Lying in the grass, under the willow tree in the park across the street, with my friend and new roommate, but not with her, just lying there, looking up at the branches and leaves and sky and they way they intersected and how the wind moved them, and how birds cut across them and there was a butterfly too. The ground underneath me was at first a slab that felt hard and angry, but I softened into it, or it softened for me and as the time passed, I felt the nuances, my head was cradled by a dip in the earth that was so slight, but it fit the back of my cranium perfectly, as if it was made for me. My hips relaxed, I put my arms at my side and let my ankles roll out. Corpse pose in yoga, they call it. I laid there and just felt it all.
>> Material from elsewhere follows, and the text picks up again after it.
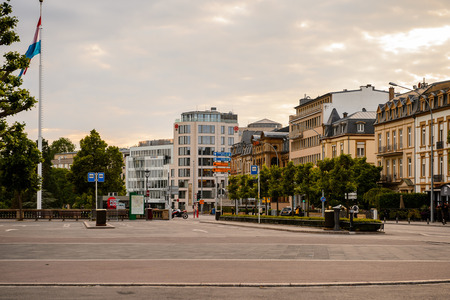 LUXEMBOURG, LUXEMBOURG - JUN 9, 2015: Architecture in Luxembourg city in evening. Luxembourg city is the capital of the Grand Duchy of Luxembourgのeditorial素材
The sounds came in bursts, shouts from the kickball games nearby, people walking the paths, birds chirping, sirens wailing, mixed with the distant hum of constant traffic and the snore of airplanes. Eventually I let them wash over me until all I heard were the birds.
When I got up, my back felt moist, as if the ground and my body had been sweating against each other, and it felt good. I peeled leaves off of my legs and looked back at the grass I had trampled, seeing my figure like a pencil drawing you do as a kid, a traced outline of my body in the ground. Tomorrow it will be gone, the grass recovered, the earth hard again.
As if that wasn't enough, we decided to wander through two patches of prairie grasses and "natural" parts of the park, which have narrow paths worn into them. We pointed out flowers, felt the leaves of plants (one plant felt like velvet on the underside only), and watched bees float around. We guessed at plants and compared growth charts (some sunflowers already had heavy heads hung low, while others had giant leafy stalks with tiny concentric rows of the sunflower's hair huddled in the middle).
I would maybe not do these things on my own, but it is nice to know that I can be easily compelled into such behavior.